Vielleicht ist das Problem an diesem Kurs auch, dass die einzelnen Programmieraufgaben nicht zusammenhängen. Hier möchte ich erneut den "Machine Learning"-Kurs hervorheben. Man entwickelt da z.B. eine Funktion zur Initialisierung von Gewichtsmatritzen und erhält die Dimensionsparameter dazu. Wenn man da nicht aufpasst, und konkrete Werte statt eines zur Verfügung stehenden Parameters verwendet, funktioniert zwar der nächste Schritt; bei einer späteren Wiederverwendung mit einem grösseren neuronalen Netzwerk funktioniert dann aber plötzlich gar nichts mehr, und man startet wieder auf Feld 1. In diesem Sinne macht es der isolierte und triviale Kontext schon schwierig, hier Lösungsprinzipien zu finden.

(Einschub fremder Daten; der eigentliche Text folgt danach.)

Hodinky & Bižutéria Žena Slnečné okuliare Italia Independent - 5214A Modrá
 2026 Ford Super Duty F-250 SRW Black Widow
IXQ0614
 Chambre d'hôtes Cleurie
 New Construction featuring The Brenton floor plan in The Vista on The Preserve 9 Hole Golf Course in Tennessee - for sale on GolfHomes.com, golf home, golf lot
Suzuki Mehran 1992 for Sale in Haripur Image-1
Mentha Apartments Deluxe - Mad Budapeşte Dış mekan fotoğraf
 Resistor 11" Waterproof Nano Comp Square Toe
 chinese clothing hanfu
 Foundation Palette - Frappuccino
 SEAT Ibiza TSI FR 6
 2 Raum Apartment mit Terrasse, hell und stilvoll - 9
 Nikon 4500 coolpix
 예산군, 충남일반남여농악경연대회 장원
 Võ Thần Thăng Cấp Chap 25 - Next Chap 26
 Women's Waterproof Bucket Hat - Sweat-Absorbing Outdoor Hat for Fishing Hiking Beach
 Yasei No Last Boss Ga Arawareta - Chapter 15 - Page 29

Ich stelle fest, dass es kaum moeglich ist, pauschale Aussagen zum Stil zu machen. Das ist alles hochgradig abhaengig vom Kontext. Das ist ganz grundsaetzlich ein Abwaegen in einem komplexen System. Was ich im einen Projekt sehr hilfreich finde, kann ich im anderen Projekt auch katastrophal finden. Nur die anzustebenden Ziele (sowas wie Simplicity, Clarity und Generality) bleiben gleich.
Ich hoffe, diese Gedanken -- einfach mal wild in den Raum -- bringen dir etwas. Wir koennen uns gerne thematisch auch wieder auf Teilaspekte fokussieren, nachdem ich hier eher gross ausgeholt habe.
Ich sollte vielleicht besser mal "The Practice of Programming"
fertig durcharbeiten statt auf Coursera Videokurse zu machen.
Aber ich schlafe noch einmal über dieses Thema.